France's education minister has said the country is to ban wearing across the nation's schools of abayas -- a simple, loose over-garment dress worn by many women across the Muslim world -- citing a violation of French "secular laws."
"It will no longer be possible to wear an abaya at school," Gabriel Attal told France's TF1 television on Sunday.
Attal said he would give "clear rules at the national level" to school heads ahead of the return to classes nationwide from September 4.
"Secularism means the freedom to emancipate oneself through school," the minister said, describing the abaya as "a religious gesture, aimed at testing the resistance of the republic toward the secular sanctuary that school must constitute."
"You enter a classroom, you must not be able to identify the religion of the students by looking at them," he said.
The ban had been spearheaded by the right and far-right political elite, despite an argument by the left asserting that it would encroach on individuals' religious freedoms and civil liberties.

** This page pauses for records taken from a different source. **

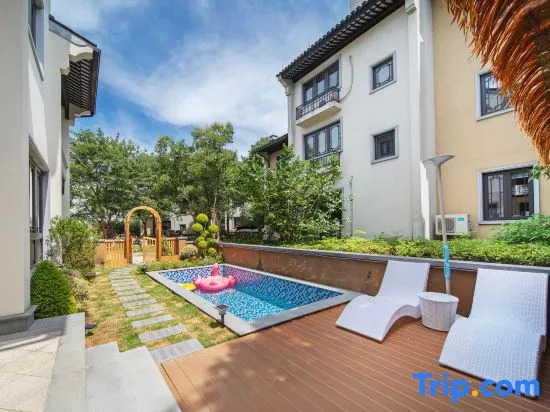 Anji Creek, Starry Sky Swimming Pool, Parent Child Vacation Villa Luxury Creek Stay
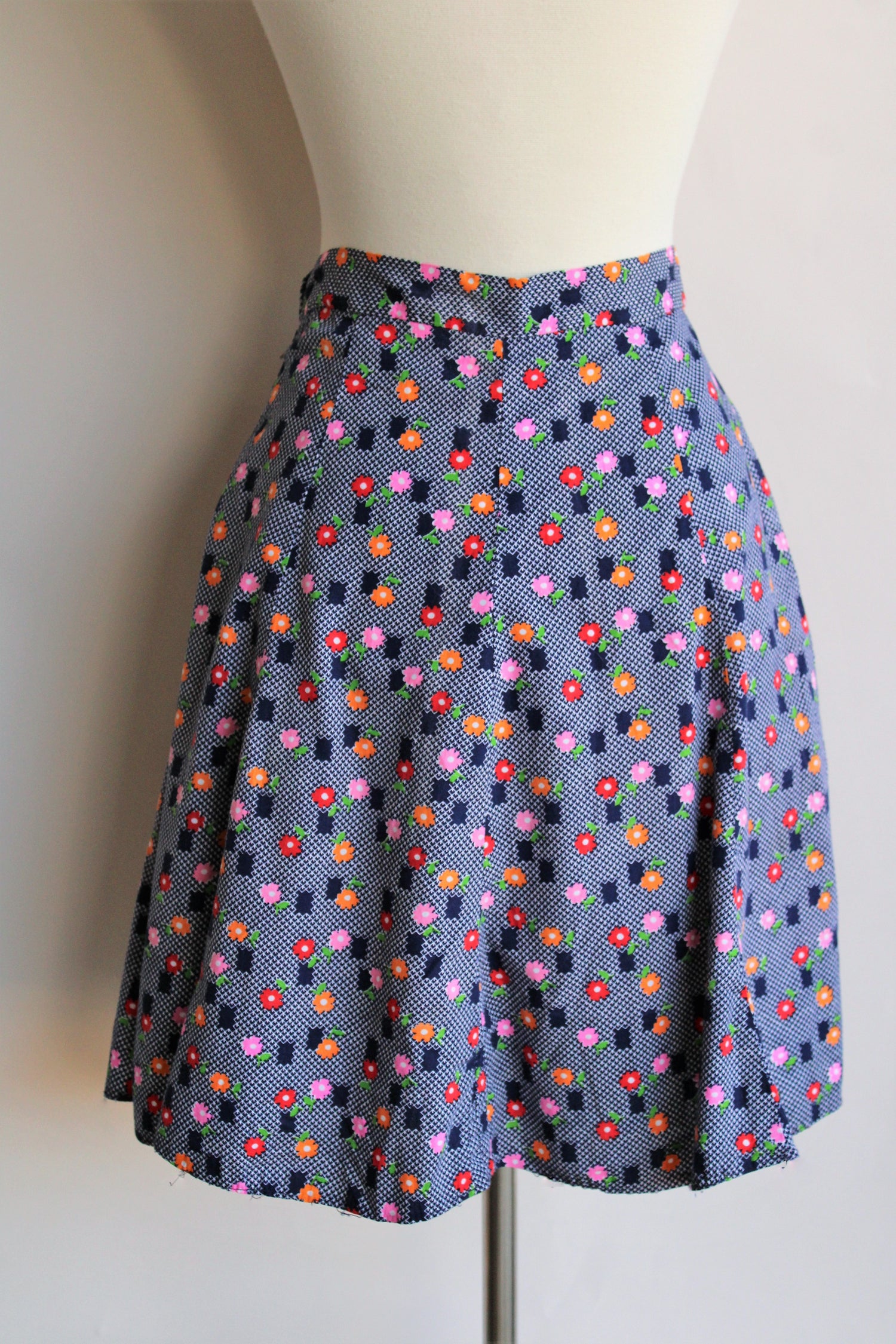 Vintage 1970s Skirt With Navy Blue Flowers#N# – Toadstool Farm Vintage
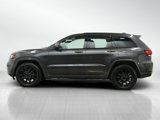 Used 2017 Jeep Grand Cherokee Altitude image 2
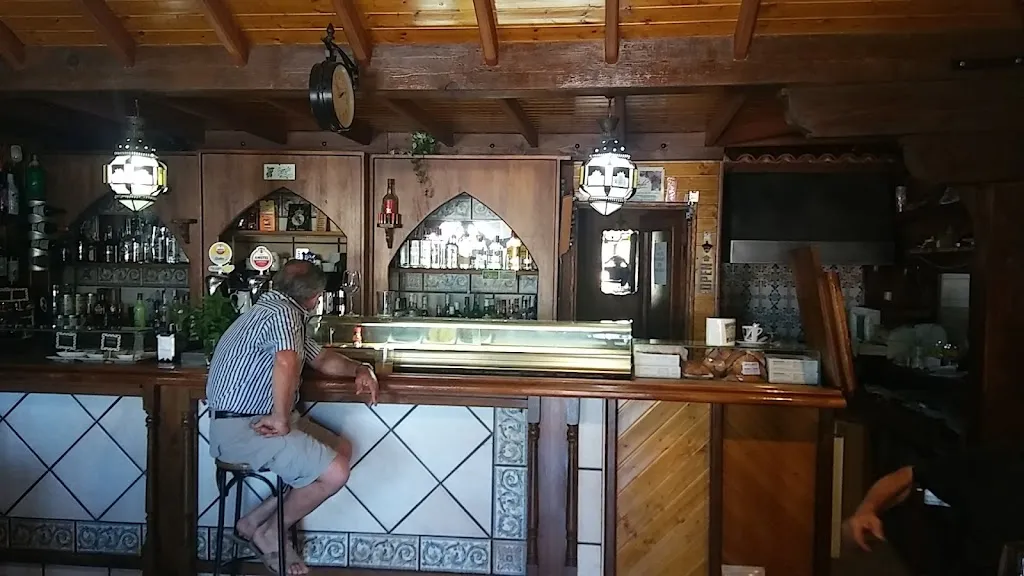 Bar Restaurante EL ALMENDRO_Campillo de Azaba_slider_image_1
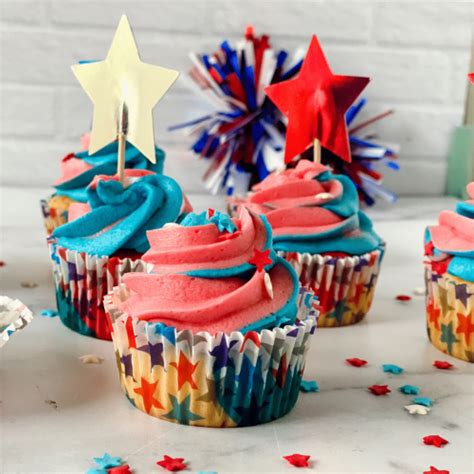 4th-of-july-cupcakes-with-swirl-frosting-hostess-at-heart image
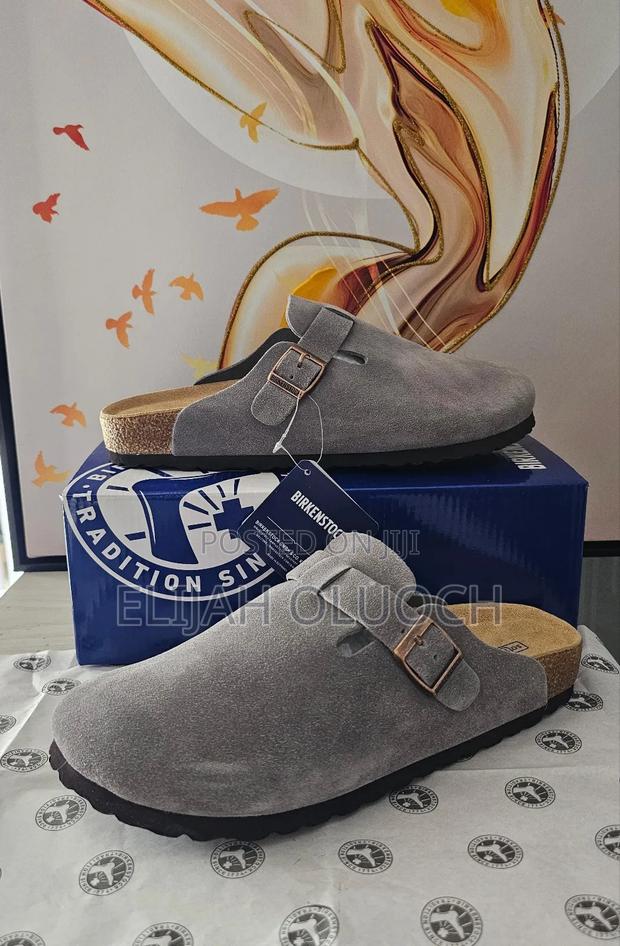 Birkenstock Slides
Light/Ash Grey
Original Quality 👌🏼👌🏼 - thumbnail 3
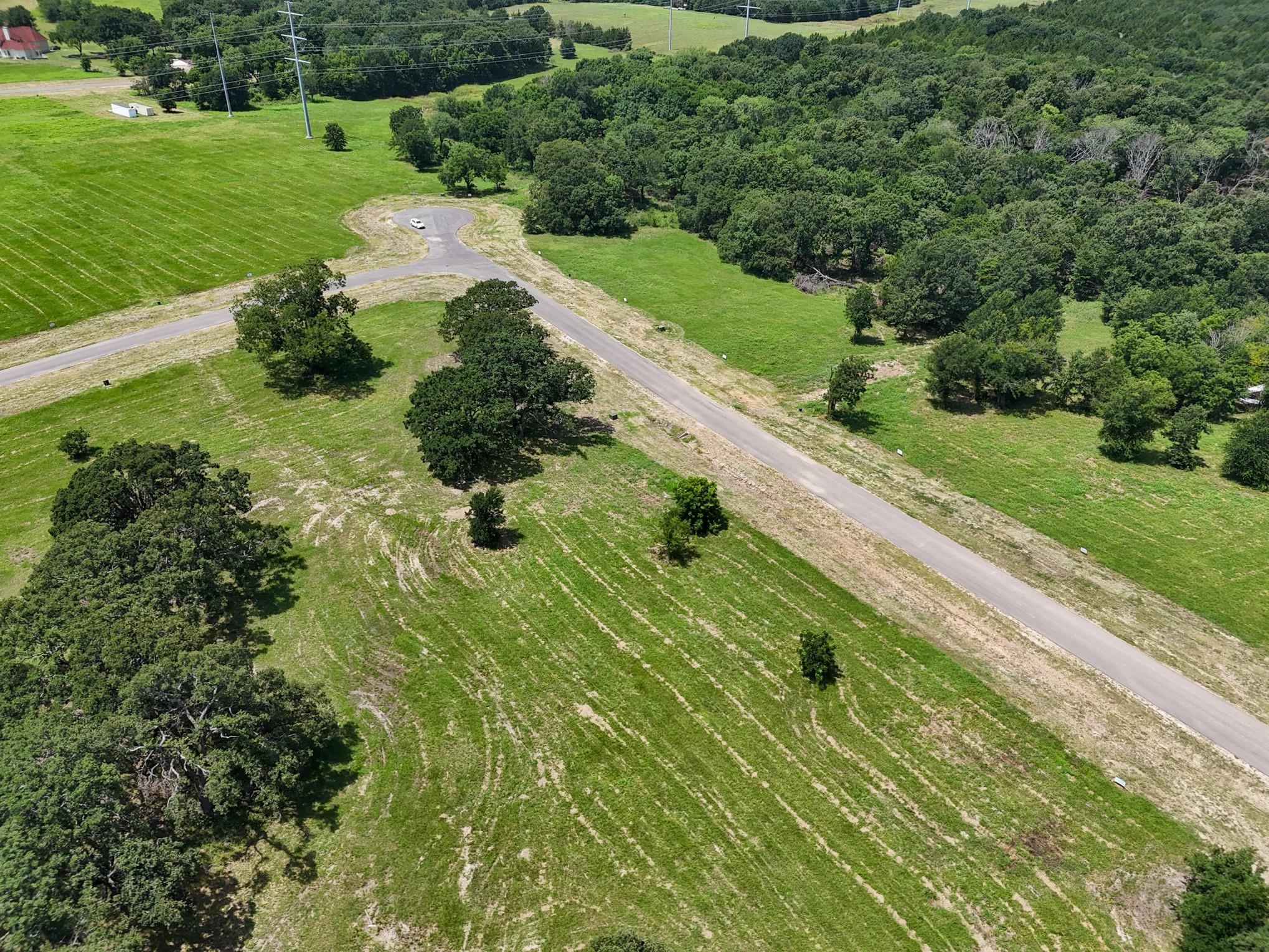 main property photo 31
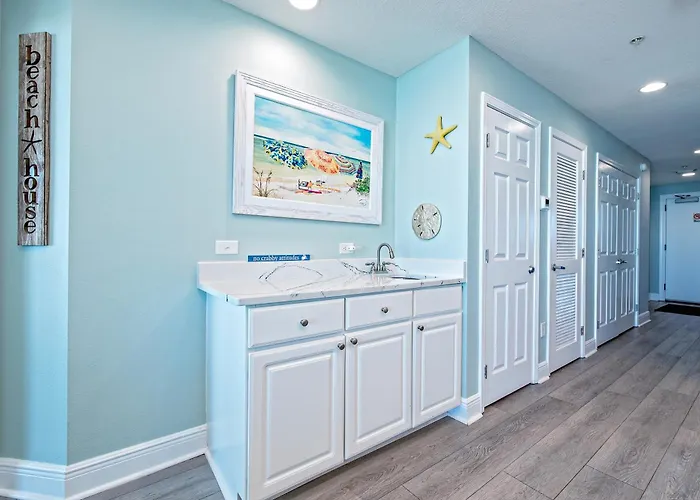 San Carlos 307 - Beachfront - Sleeps 8 - Prickett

Clementine Autain of the left-wing opposition France Unbowed party denounced what she described as the "policing of clothing."
Attal's announcement was "unconstitutional" and against the founding principles of France's secular values, and a sign of the government's "obsessive rejection of Muslims," she argued.
The French Council of Muslim Faith (CFCM), a national body encompassing many Muslim associations, has also said items of clothing alone were not "a religious sign."
Under France’s laws on laïcité (secularism), it is already forbidden to wear the Islamic headscarf in government buildings, including schools.
Public officials such as teachers, firefighters, or police officers are also banned from wearing the hijab while they are at work.